I work on a product that runs on a variety of architectures, with code split across many GitHub repositories. We have a complicated build process. When making changes, I often struggle to find a way to run those changes efficiently (i.e. outside of the CI process). This is made worse when I need to make changes that also change the build process or need to run debugging tools like GDB.
When I onboarded, I was told that everyone has their own setup by people who've been on the team since its inception. It seems like people newer than myself have figured it out, even with how messy and changing everything is. However, I've been here for over a year and the team tends to work quite independently. Occasionally, folks will be quite helpful for a point or two, but generally everyone's stretched a bit thin and tends to focus on their tickets. My manager has also rebuffed any requests for collaboration or mentorship since I started, saying that I'm expected to be independent to show I'm ready for the next level. He did say I could that I could try to change the team's culture to be more collaborative if I wanted to take initiative, but that's not what's expected of a software engineer, especially if I want to do well and get promoted.

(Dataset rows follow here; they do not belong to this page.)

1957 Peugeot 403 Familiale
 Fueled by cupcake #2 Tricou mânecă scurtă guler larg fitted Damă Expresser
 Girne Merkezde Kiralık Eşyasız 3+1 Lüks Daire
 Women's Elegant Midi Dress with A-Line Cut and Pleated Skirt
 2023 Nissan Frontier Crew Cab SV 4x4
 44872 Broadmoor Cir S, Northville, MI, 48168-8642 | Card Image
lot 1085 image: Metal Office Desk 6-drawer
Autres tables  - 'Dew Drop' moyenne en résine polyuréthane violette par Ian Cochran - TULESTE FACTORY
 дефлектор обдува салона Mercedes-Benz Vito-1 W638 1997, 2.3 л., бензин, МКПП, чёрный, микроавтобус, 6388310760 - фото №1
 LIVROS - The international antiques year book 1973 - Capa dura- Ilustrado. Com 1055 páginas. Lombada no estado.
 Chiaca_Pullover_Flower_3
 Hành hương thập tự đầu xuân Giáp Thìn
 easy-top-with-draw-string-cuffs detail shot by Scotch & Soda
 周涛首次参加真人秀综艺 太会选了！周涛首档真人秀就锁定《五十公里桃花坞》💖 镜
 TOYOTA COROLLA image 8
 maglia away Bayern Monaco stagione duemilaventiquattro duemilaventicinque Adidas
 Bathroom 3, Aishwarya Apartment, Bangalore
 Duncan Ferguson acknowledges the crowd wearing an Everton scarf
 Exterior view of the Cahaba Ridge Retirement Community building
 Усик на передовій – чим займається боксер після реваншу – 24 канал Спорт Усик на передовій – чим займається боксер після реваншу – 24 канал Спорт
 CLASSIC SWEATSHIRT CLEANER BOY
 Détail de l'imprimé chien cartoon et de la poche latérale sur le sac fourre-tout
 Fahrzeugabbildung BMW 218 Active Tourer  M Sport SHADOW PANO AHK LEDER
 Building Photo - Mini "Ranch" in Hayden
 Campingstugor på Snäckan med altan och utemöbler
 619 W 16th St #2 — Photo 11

This question may be more about how to correctly get answers answered when you're no longer new, but I also feel that building (CMake, Docker, environment setup, package management, etc.) is slowing me down. Are there good processes for getting more efficient at building components/systems and unblocking yourself faster?
My first thought is to lead by example. Changing culture is hard, and it's not reasonable to come in and ask people to change the ways they're so used to (in your team's case, it's changing from a more "lone wolf" style to a more collaborative one).
In your scenario, you mentioned everyone has their own setup to build stuff.
but I also feel that building (CMake, Docker, environment setup, package management, etc.) is slowing me down
This is a classic big company thing - It was especially bad for me back at PayPal.
As a junior engineer, it will be very difficult to make these processes faster, so I recommend trying to "hack it" by finding something to do while these run. If the fresh build takes a long time, maybe you can start every morning with a rebase + fresh build and then use that time to review PRs? This sets you up to be more productive the rest of the day and enforces a healthy habit of doing code review daily.
Thanks, Alex! I really appreciate you thinking through this question and providing guidance.
I'll try to find ways to share productivity tips with my team and lead by example. That's a great idea to get the fresh build done each morning (or, if needed later in the day, to try to schedule other tasks for the initial build). Thanks again!